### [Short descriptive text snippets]
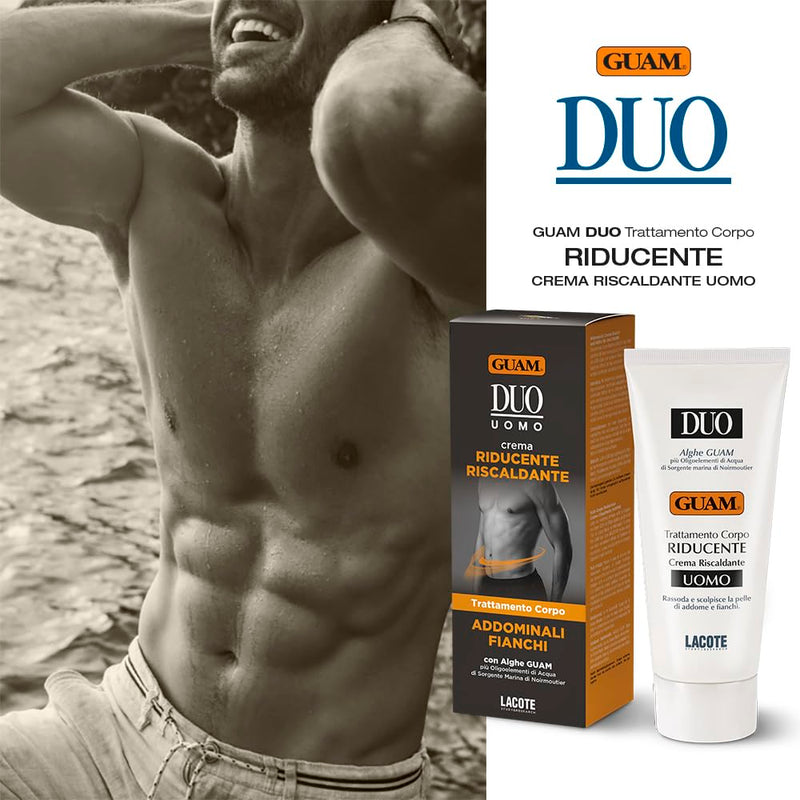 Guam, Herren Reduzierende Duo-Creme mit Guam-Algen, wärmende Creme, strafft und formt die Haut von B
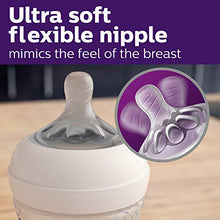 Load image into Gallery viewer, Philips Avent Natural Baby Bottle, Clear, 4oz, 4pk, SCF010/47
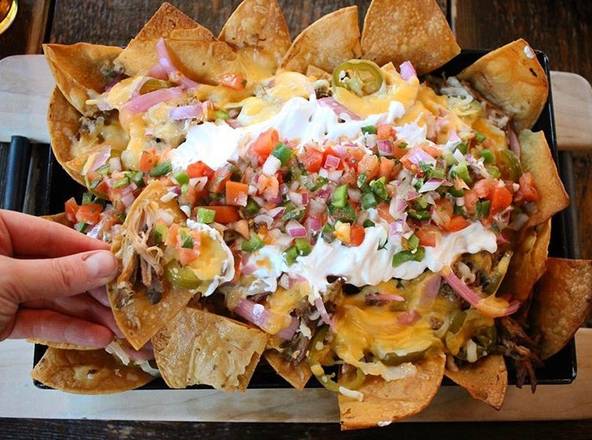 Large Steel Pan Nachos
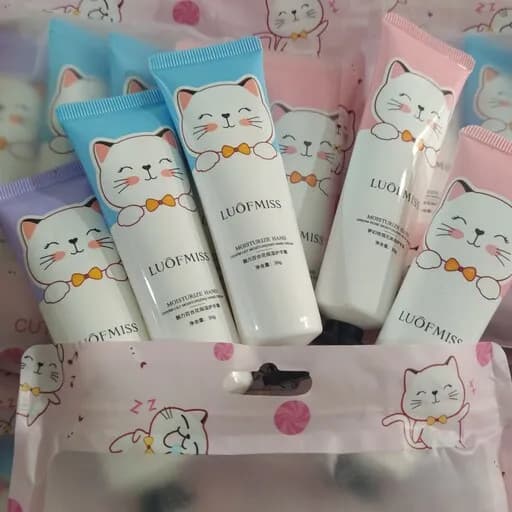 کرم دست لوفمیس (طرح پیشی) پک پنج عددی خوش رایحه هر کدوم 30 گرم — تصویر ۲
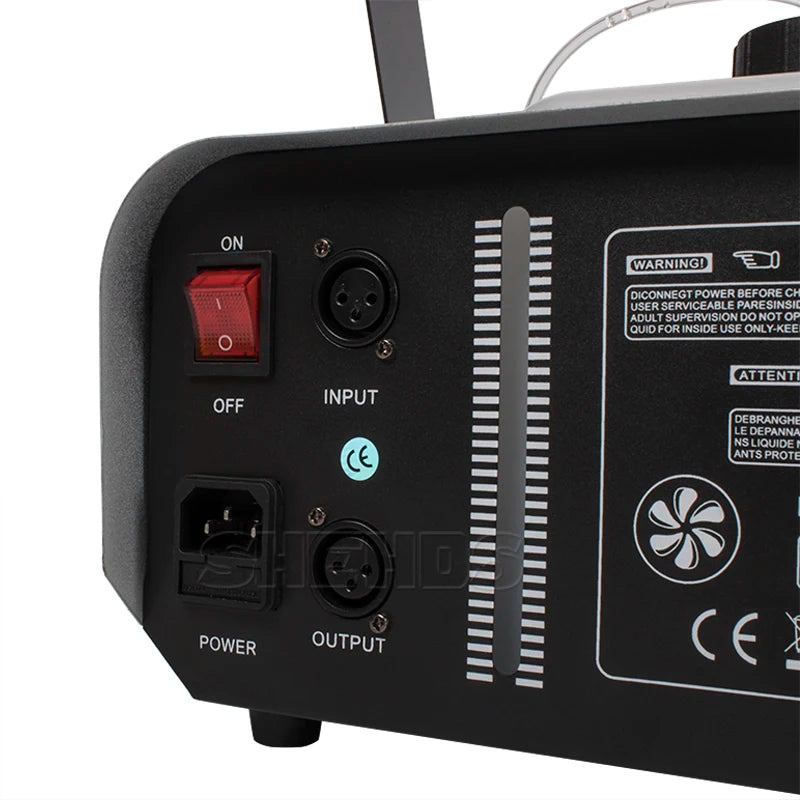 DJ Smoke Machine Wired Remote Control 1500W DMX Fogger Machine Remote for Halloween Wedding  Club Bar DMX Stage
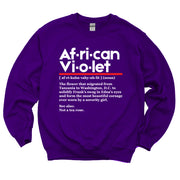 African Violet Definition Classic Sweatshirt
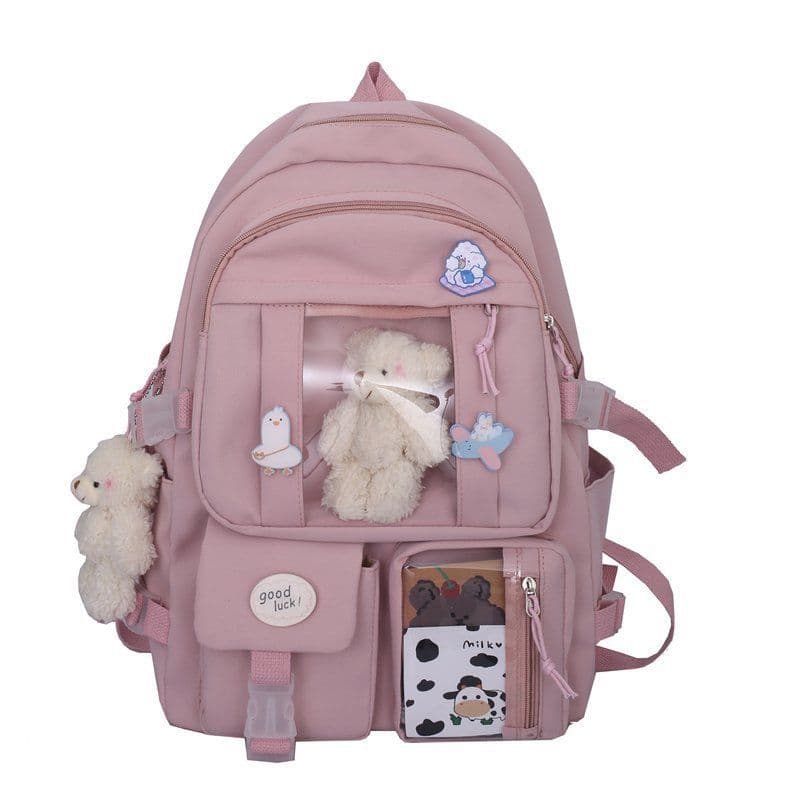 image-Ins wind large-capacity backpack Harajuku cartoon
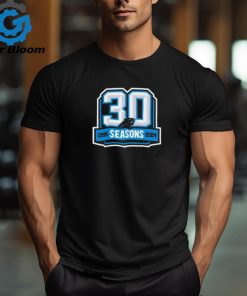 Official carolina Panthers 30Th Anniversary Logo Shirt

### [TASK DETAILS]
In the answer, the lines from the one containing "کرم دست لوفمیس" to the end of the records above must be written out exactly, both ends included; the pictures must not appear.

### [RESULT]
 کرم دست لوفمیس (طرح پیشی) پک پنج عددی خوش رایحه هر کدوم 30 گرم — تصویر ۲
 DJ Smoke Machine Wired Remote Control 1500W DMX Fogger Machine Remote for Halloween Wedding  Club Bar DMX Stage
 African Violet Definition Classic Sweatshirt
 image-Ins wind large-capacity backpack Harajuku cartoon
 Official carolina Panthers 30Th Anniversary Logo Shirt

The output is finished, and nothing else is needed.